<h1>Fine-tuning DialoGPT on Sentence Generation</h1>

<h3>Import Libraries</h3>

In [1]:
import os
import numpy as np
import pandas as pd
import torch
import torch.nn.functional as F
from torch.utils.data import Dataset, DataLoader, RandomSampler, SequentialSampler

# Importing the T5 modules from huggingface/transformers
from transformers import AutoModelForCausalLM, AutoTokenizer, AutoModelWithLMHead

from rich.table import Column, Table
from rich import box
from rich.console import Console

# define a rich console logger
console=Console(record=True)

from torch import cuda
device = 'cuda' if cuda.is_available() else 'cpu'
cuda.empty_cache()
device = 'cpu'

import json
from timeit import default_timer as timer

def display_df(df):
  """display dataframe in ASCII format"""

  console=Console()
  table = Table(Column("source_text", justify="center" ), Column("target_text", justify="center"), title="Sample Data",pad_edge=False, box=box.ASCII)

  for i, row in enumerate(df.values.tolist()):
    table.add_row(row[0], row[1])

  console.print(table)

training_logger = Table(Column("Epoch", justify="center" ), 
                        Column("Steps", justify="center"),
                        Column("Loss", justify="center"), 
                        title="Training Status",pad_edge=False, box=box.ASCII)

2021-12-04 17:11:18.475860: W tensorflow/stream_executor/platform/default/dso_loader.cc:64] Could not load dynamic library 'libcudart.so.11.0'; dlerror: libcudart.so.11.0: cannot open shared object file: No such file or directory
2021-12-04 17:11:18.475900: I tensorflow/stream_executor/cuda/cudart_stub.cc:29] Ignore above cudart dlerror if you do not have a GPU set up on your machine.


In [2]:
cuda.is_available()

True

<h3>DataSetClass</h3>
<h4>Custom dataset class for loading the dataset and passing it to the model</h4>

In [3]:
class DataSetClass(Dataset):
    """
    Creating a custom dataset for reading the dataset and 
    loading it into the dataloader to pass it to the neural network for finetuning the model

    """

    def __init__(self, dataframe, tokenizer, source_len, target_len, source_text, target_text):
        self.tokenizer = tokenizer
        self.data = dataframe
        self.source_len = source_len
        self.summ_len = target_len
        self.target_text = self.data[target_text]
        self.source_text = self.data[source_text]

    def __len__(self):
        return len(self.target_text)

    def __getitem__(self, index):
        source_text = str(self.source_text[index])
        target_text = str(self.target_text[index])

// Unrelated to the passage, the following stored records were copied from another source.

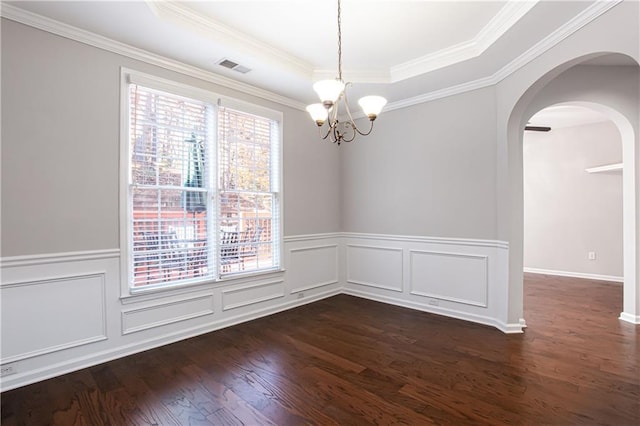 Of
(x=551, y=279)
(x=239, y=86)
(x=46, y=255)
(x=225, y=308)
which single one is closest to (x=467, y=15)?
(x=239, y=86)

        #cleaning data so as to ensure data is in string type
        source_text = ' '.join(source_text.split())
        target_text = ' '.join(target_text.split())

        #source = self.tokenizer.batch_encode_plus([source_text], return_tensors='pt')
        #target = self.tokenizer.batch_encode_plus([target_text], return_tensors='pt')
        
        source = self.tokenizer.batch_encode_plus([source_text], max_length= self.source_len, pad_to_max_length=True, truncation=True, padding="max_length", return_tensors='pt')
        target = self.tokenizer.batch_encode_plus([target_text], max_length= self.summ_len, pad_to_max_length=True, truncation=True, padding="max_length", return_tensors='pt')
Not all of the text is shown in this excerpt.